* **Data in this exercise**
::::

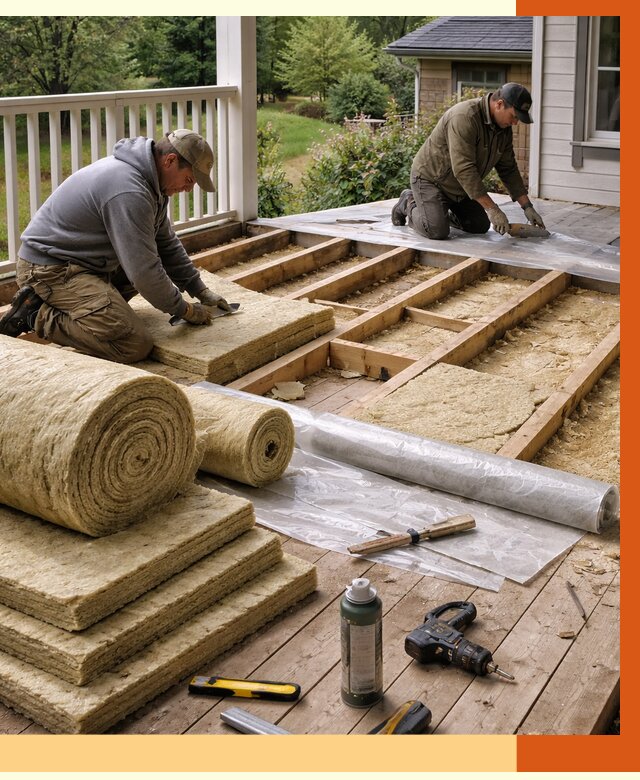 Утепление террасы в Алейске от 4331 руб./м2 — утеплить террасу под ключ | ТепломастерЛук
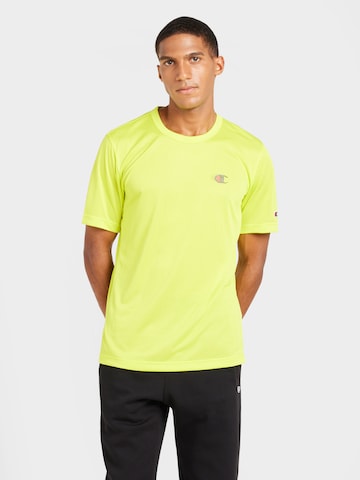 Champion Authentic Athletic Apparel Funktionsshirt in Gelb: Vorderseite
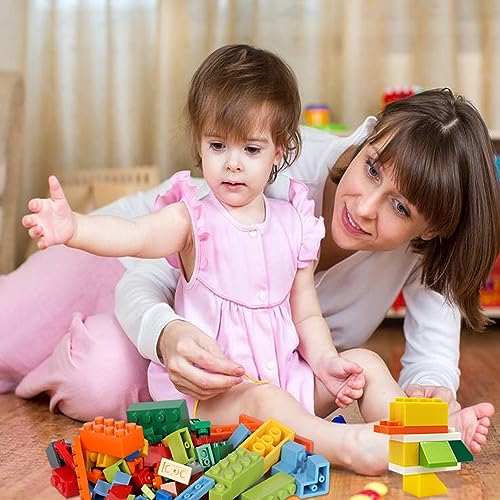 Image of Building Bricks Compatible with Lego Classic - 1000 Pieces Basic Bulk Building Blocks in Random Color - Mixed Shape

::::

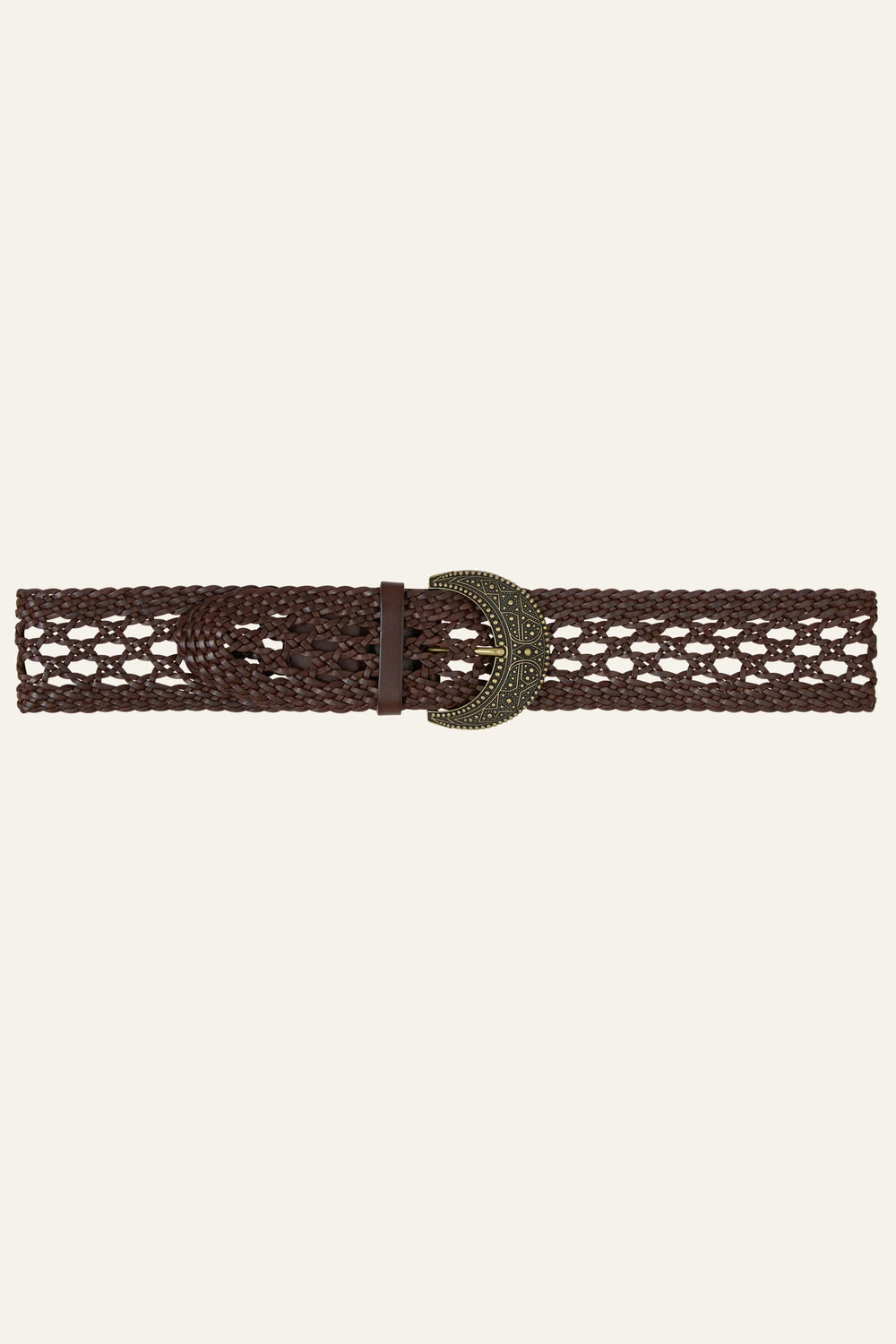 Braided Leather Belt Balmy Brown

::::

* **Work item**
All that should be printed is the run of lines above from the one with "Утепление террасы в" through the one with "Image of Building", both included, exactly as given, with pictures left out.

* **Expected answer**
 Утепление террасы в Алейске от 4331 руб./м2 — утеплить террасу под ключ | ТепломастерЛук
 Champion Authentic Athletic Apparel Funktionsshirt in Gelb: Vorderseite
 Image of Building Bricks Compatible with Lego Classic - 1000 Pieces Basic Bulk Building Blocks in Random Color - Mixed Shape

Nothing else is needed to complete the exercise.